▶ Material shown:
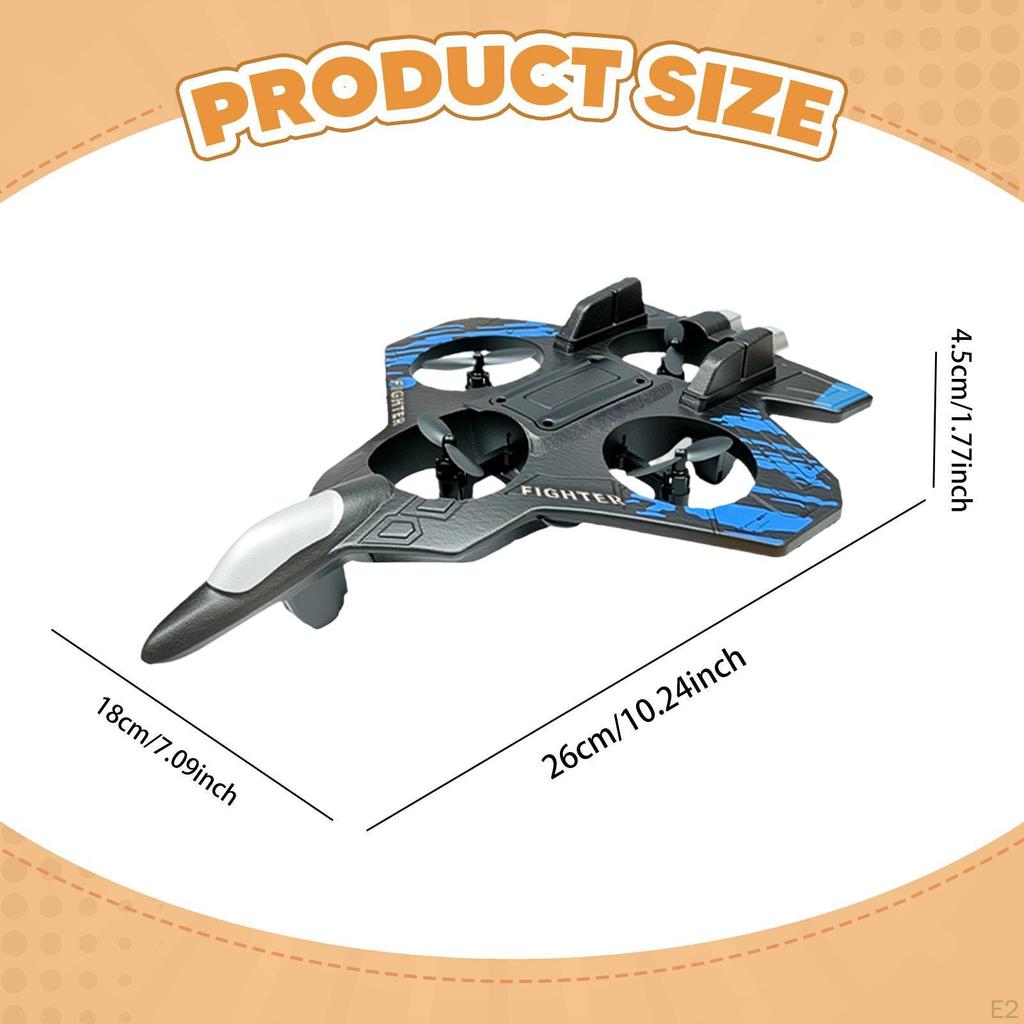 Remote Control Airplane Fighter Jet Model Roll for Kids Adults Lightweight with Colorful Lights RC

---

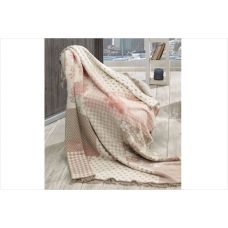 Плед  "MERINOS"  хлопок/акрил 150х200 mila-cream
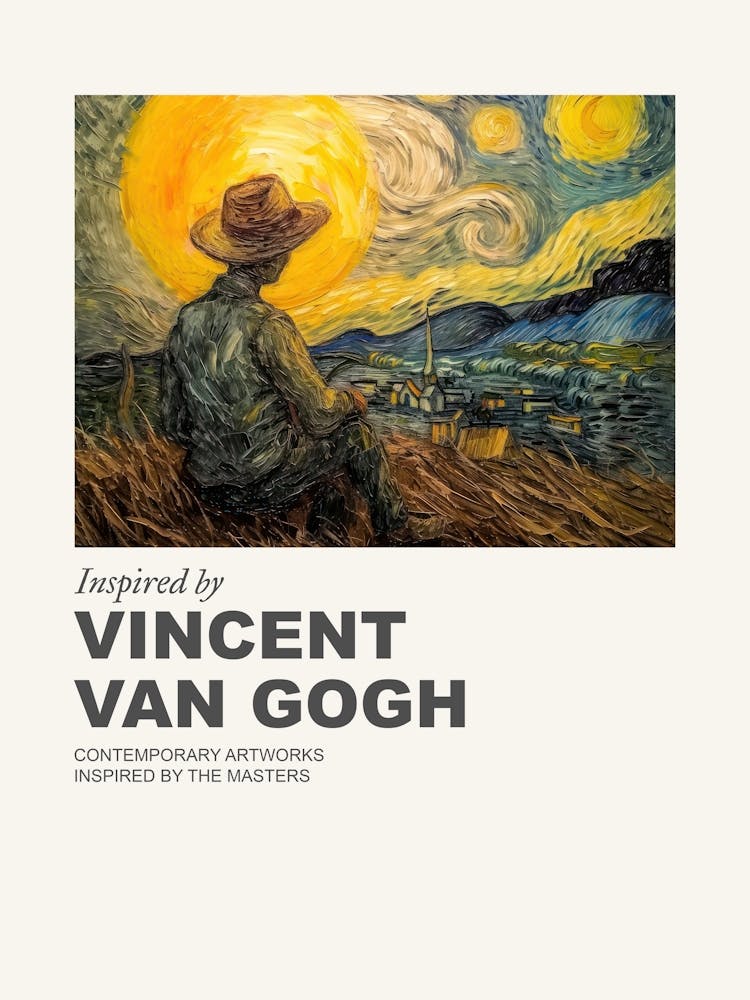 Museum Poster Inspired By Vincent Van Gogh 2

▶ Exercise aim: Please transcribe exactly the part of the records that opens with the line containing "хлопок/акрил 150х200 mila-cream" and closes with the line containing "Museum Poster Inspired By Vincent Van Gogh 2", both ends included, and leave out the pictures.

▶ Task result:
 Плед  "MERINOS"  хлопок/акрил 150х200 mila-cream
 Museum Poster Inspired By Vincent Van Gogh 2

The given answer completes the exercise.